No one in America has lived or recorded the challenges and opportunities faced by generations of the Irish quite like the various Irish county associations. For decades, and in many cases centuries, they have worked to recreate a sense of home, community and belonging through social, cultural and sporting events that have transformed and occasionally even saved the lives of the generations who joined them.

It’s not sentimentality to say that they were a blessing. The facts reveal how much they helped, publically and privately, to extend protective and benevolent assistance to thousands of hard working Irish people who made America their new home.

New York claims the largest cluster of these county societies, and it claims the oldest ones too, but the impulse to share the experience with others like themselves is one that has marked the Irish, no matter where they have settled in the world.

This month Dr. Miriam Nyhan, a faculty fellow and assistant professor at Glucksman Ireland House at New York University, has co-curated, with NYU’s Dr.
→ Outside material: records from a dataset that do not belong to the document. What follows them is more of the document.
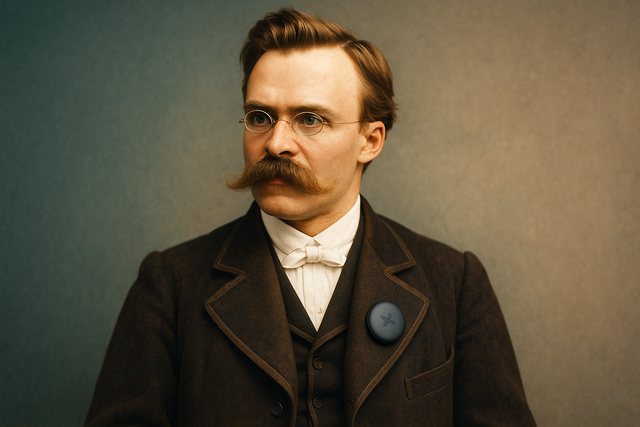 Friedrich Nietzsche wearing limitless pendant
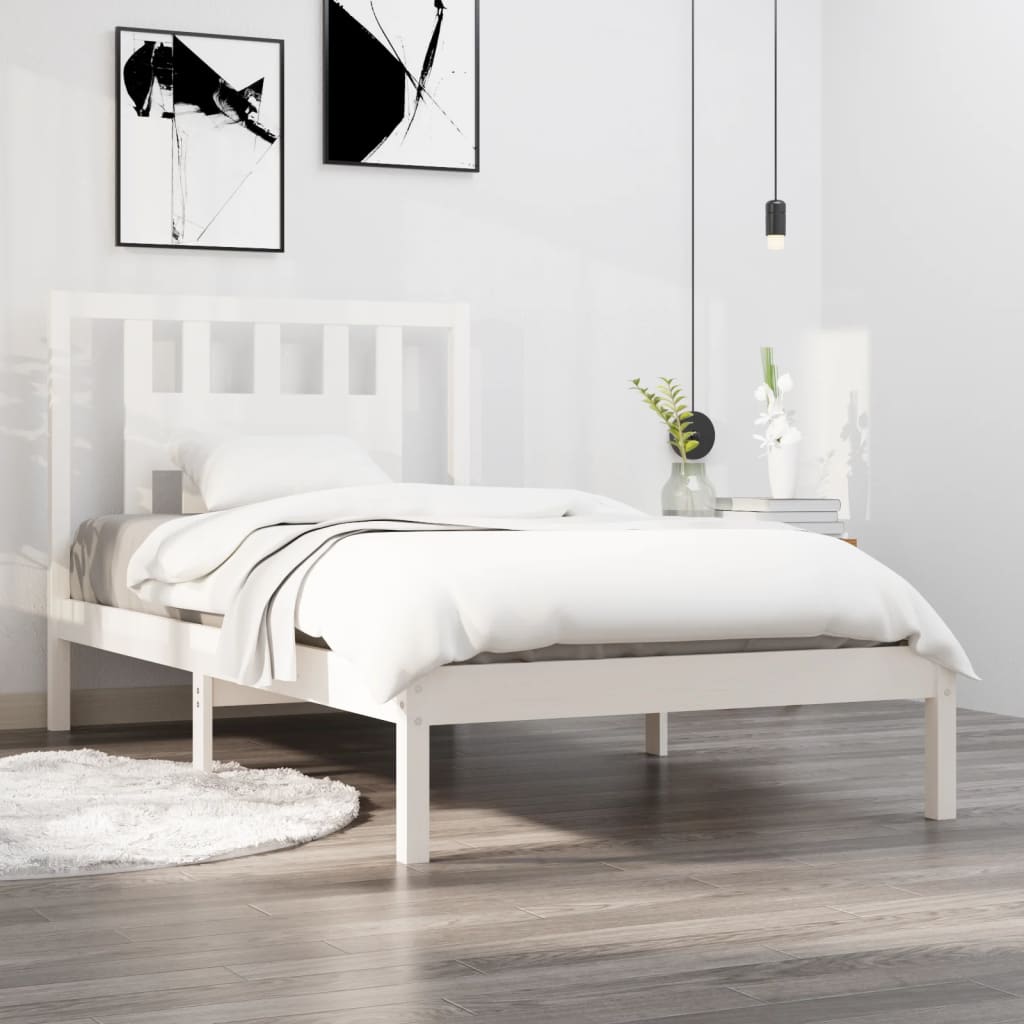 Vetonek Estructura de cama madera maciza de pino blanco 90x200 cm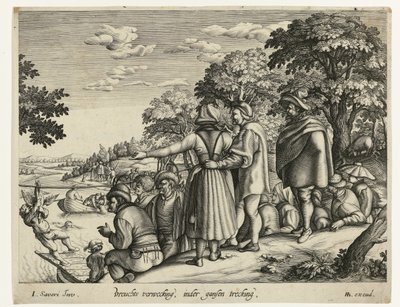 libarajzoló Gyümölcsöző nemzés, egész vándorlás (cím a tárgyon) alkotó: Andries Jacobsz. Stock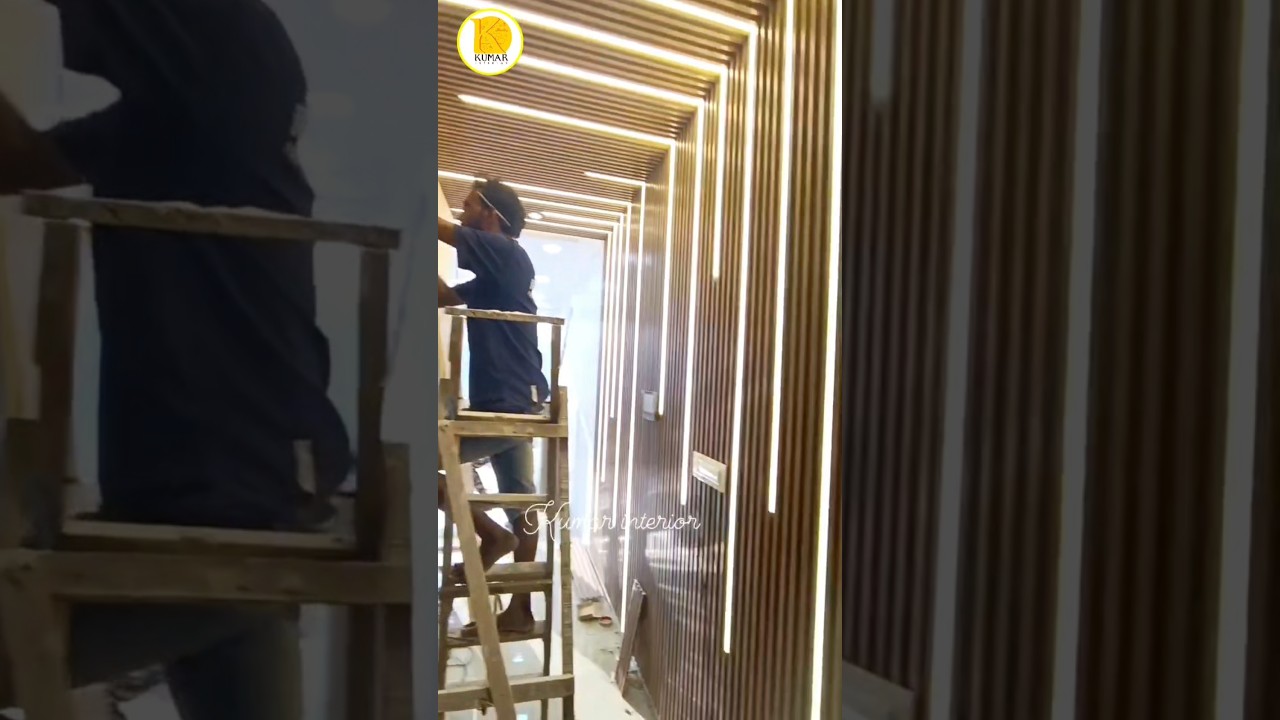 LED PROFILE LIGHT FOYER PASSAGE AREA WALL PANELLING LOUVERS DESIGNER IN THANE MUMBAI 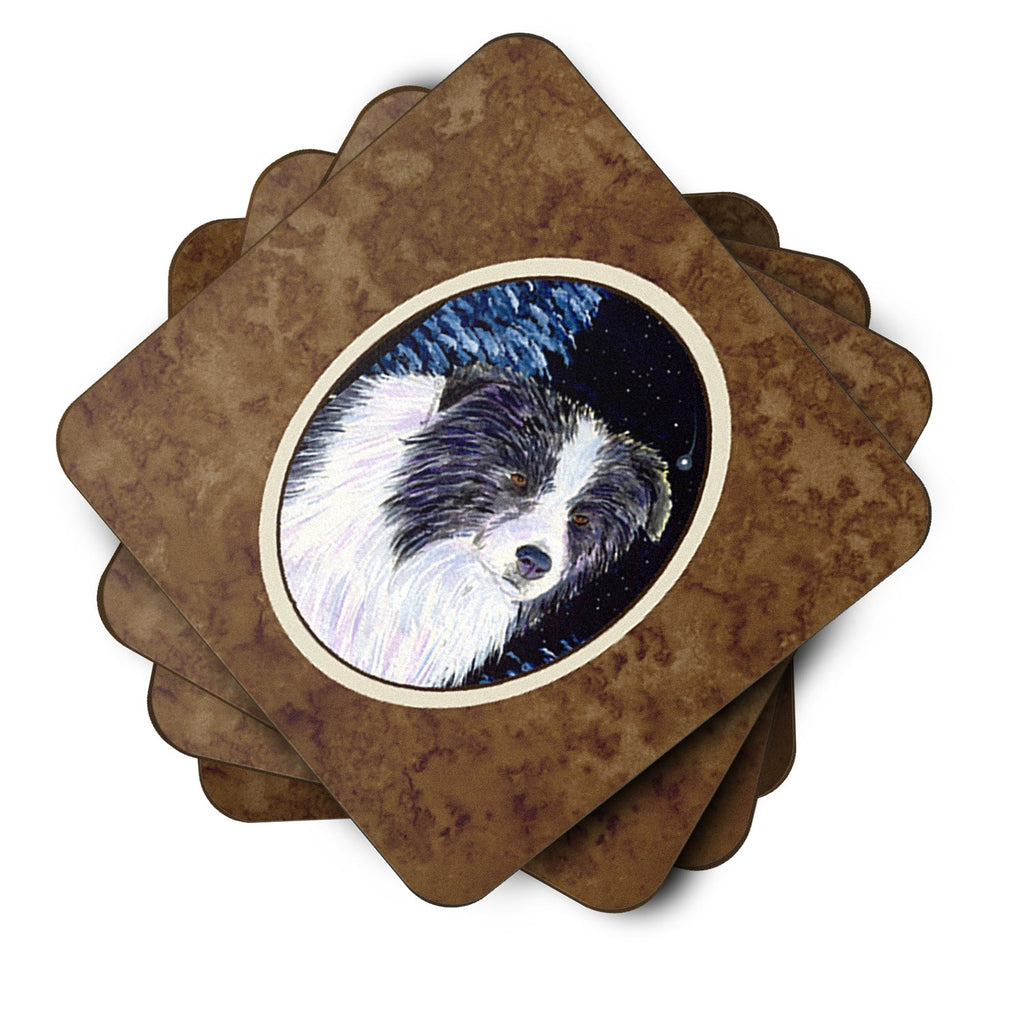 Starry Night Border Collie Foam Coasters Set of 4 Cup Coasters for Indoor Outdoor, Tabletop Protection, Anti Slip, Mouse pad Material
Marion Casey, a groundbreaking new exhibition that celebrates the lifetime commitment that many Irish men and women have made to their own heritage (and its preservation) through their membership in county societies.

In her research Nyhan focused primarily on the 1950s Irish immigrants who settled in New York and London, but her work gave her an overview of the recent history of the societies too.

Unsurprisingly, since she’s made them her subject, Nyhan admits she’s a deep admirer of the work they do.

“I was interested in the lost record of the Irish, because there hasn’t been much research done on the Irish county societies here or the generation of immigrants who came here after World War II,” Nyhan told the Irish Voice. “At first I was interested in the London Irish, but pretty quickly I decided to make it comparative and chose New York.”